§ **PROMPT**
Repeat, line for line, only the span that opens at the "Notausgang freihalten Aufkleber, 20x10cm" line and closes at the final line below. Skip the pictures.

##### EXERCISE DATA

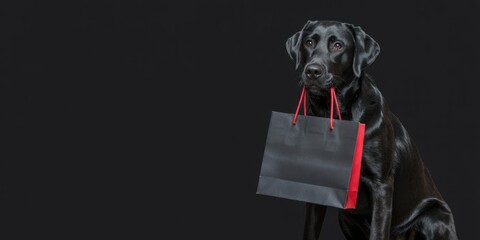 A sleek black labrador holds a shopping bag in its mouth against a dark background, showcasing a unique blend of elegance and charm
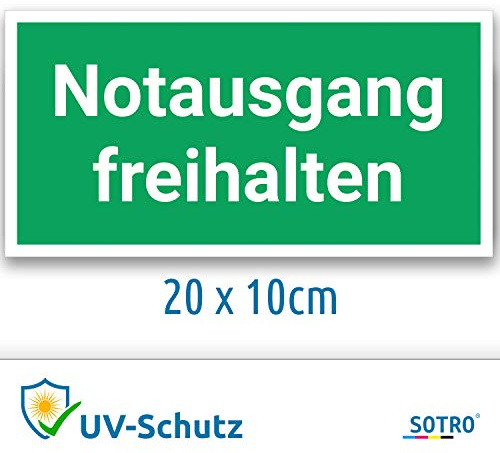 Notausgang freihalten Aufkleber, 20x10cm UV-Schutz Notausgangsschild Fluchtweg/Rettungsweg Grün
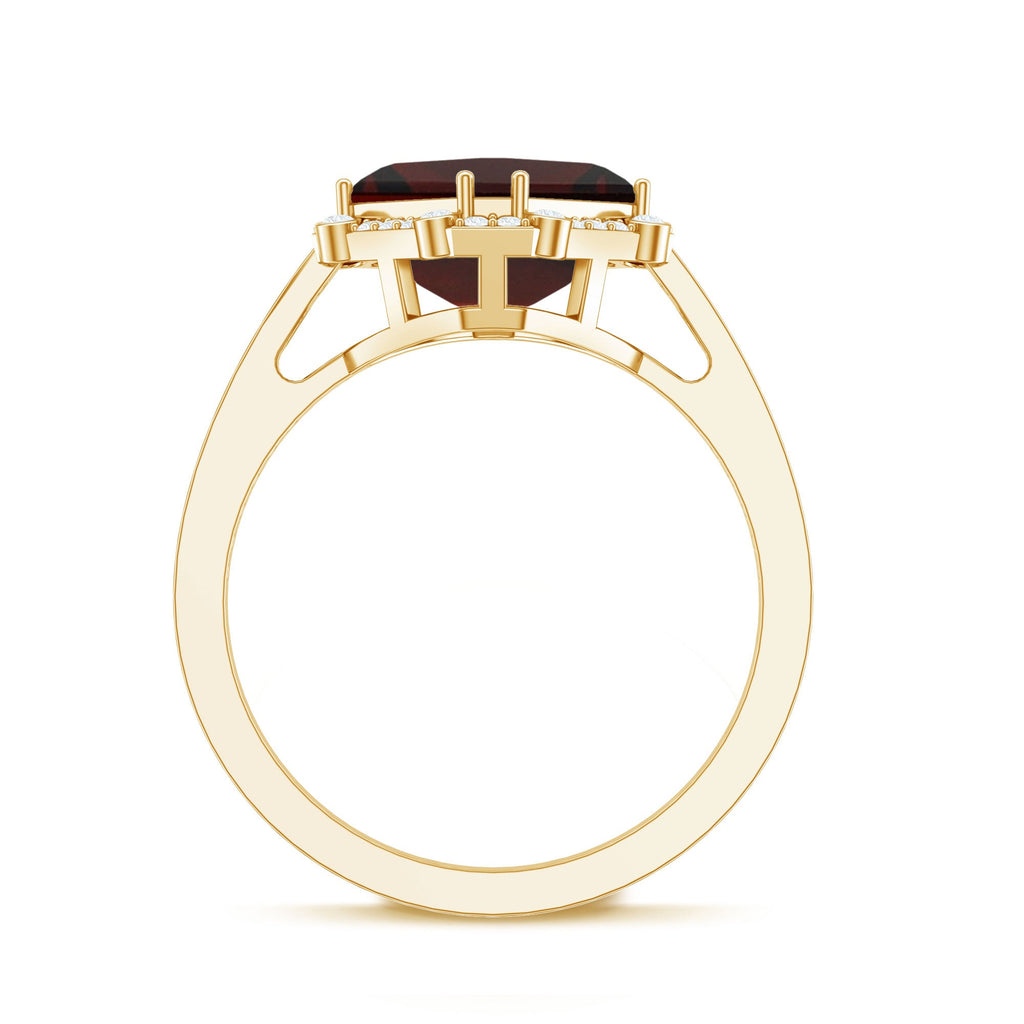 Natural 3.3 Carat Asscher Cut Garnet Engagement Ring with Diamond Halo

##########

§ **RESULT**
 Notausgang freihalten Aufkleber, 20x10cm UV-Schutz Notausgangsschild Fluchtweg/Rettungsweg Grün
 Natural 3.3 Carat Asscher Cut Garnet Engagement Ring with Diamond Halo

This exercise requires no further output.